Wiley was big, and he wore a bomber jacket with leather sleeves and a bluetooth device in his ear. I took him from door to door and he’d pop out the locking mechanisms and pop them back in, try the knobs, slide the bolts around.  Clearly, the man knew his way around a lock.
“I’ll need to order some parts,” he said, quoting me a price. “Place my order beginning of next week so I can order everything at once.”
“We need a painter, too,” I said. “And a chimney sweep.”
“For any of the trades, ask down at the hardware store,” Wiley said. “They know everybody, who’s good, and who to stay away from. You’ll probably have to wait for the best ones. If they say they can come right away, they’re probably no good.” He paused, then grinned sheepishly. “Guess I came right away, though.”
Wiley said he was born and raised in the village. He’d been in the locksmith business for twenty-nine years. “Wasn’t a family business, I started it myself. My father was a harness-maker. My mother still lives up the hill there.” He waved vaguely toward Main St. “This is a nice place—a quiet, conservative little town, except at Blossom Time.”
“Blossom time?” I was instantly intrigued, as I always am by secret lives.

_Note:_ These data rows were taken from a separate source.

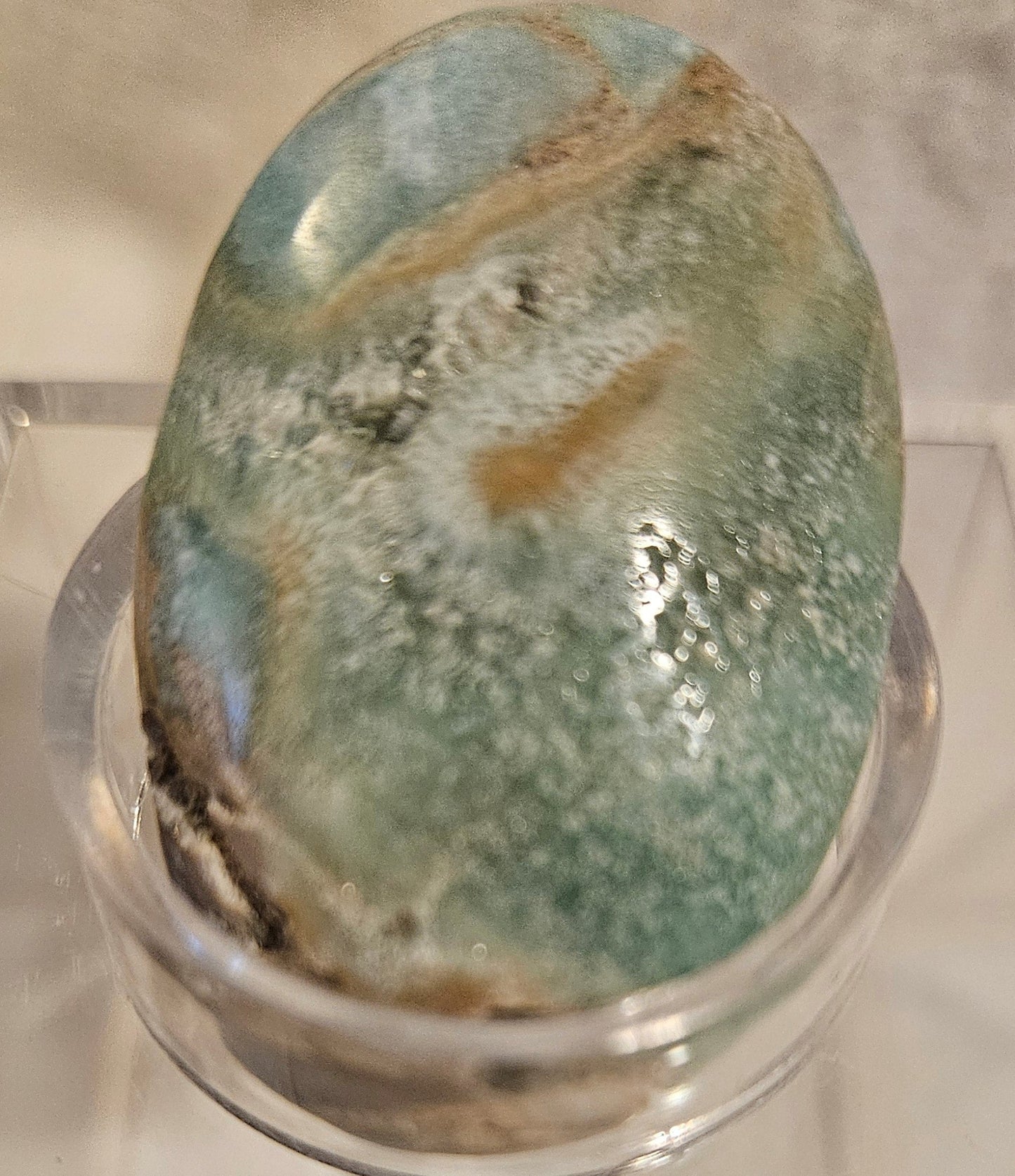 Caribbean Calcite Palm [1]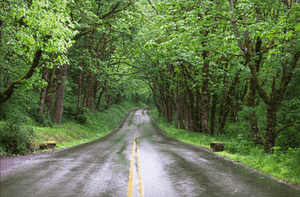 The Road - Kathi Mangel - Studio CT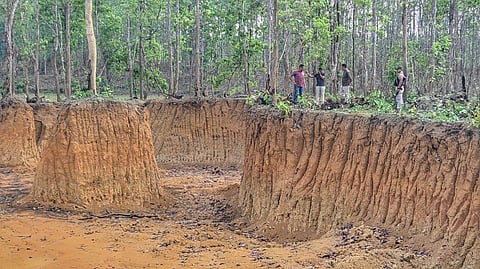 cutting soil illegally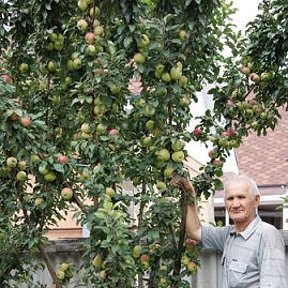 Фотография от ВАСИЛИЙ ПЕНКИН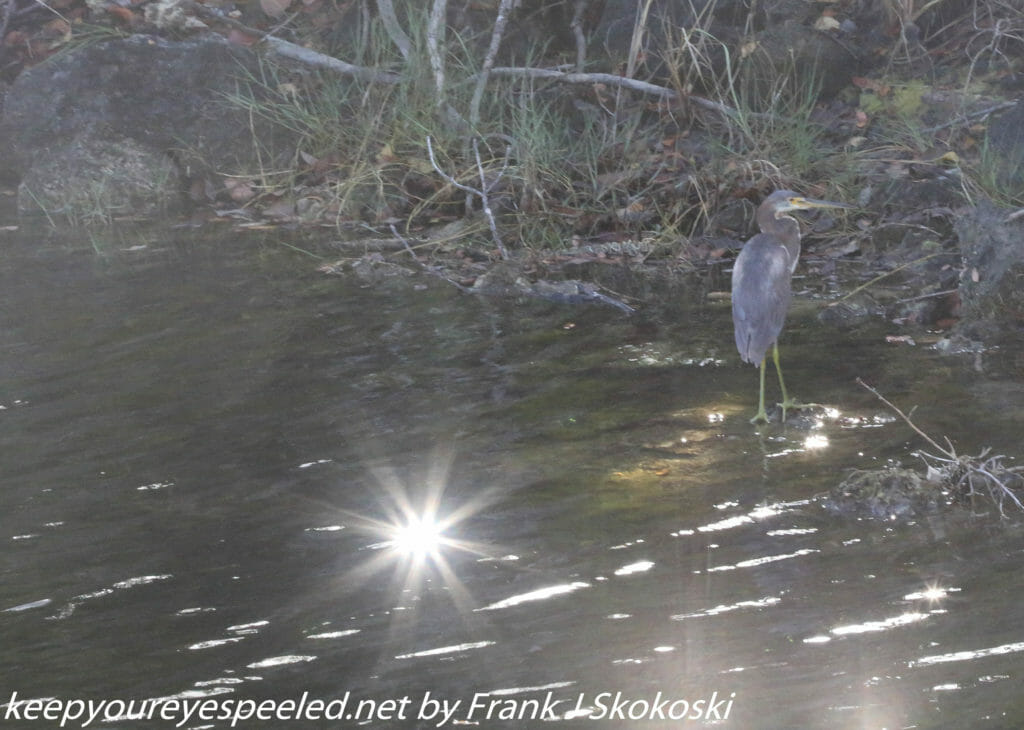 tri-colored heron and sun reflection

“People go kinda wild at blossom time,” Wiley said. “Memorial Day weekend. There’s two parades—a little one with the Boy Scouts and the American Legion that goes up to the Evergreen Cemetery. That’s on Monday. And a big one on Sunday that goes down Main Street. People are five deep on the sidewalks, and there’s hot air balloons going off at the high school. The funeral home throws a big outdoor party in their yard and the whole town’s invited. You see people walking around with their plastic cups.”
He paused, looking out at me from under his brows. “Anything can happen at Blossom Time. Then, after the weekend’s over, they go back to being their regular selves.”
Blossom time—a rite of spring after a long winter. I think I’m going to like it here.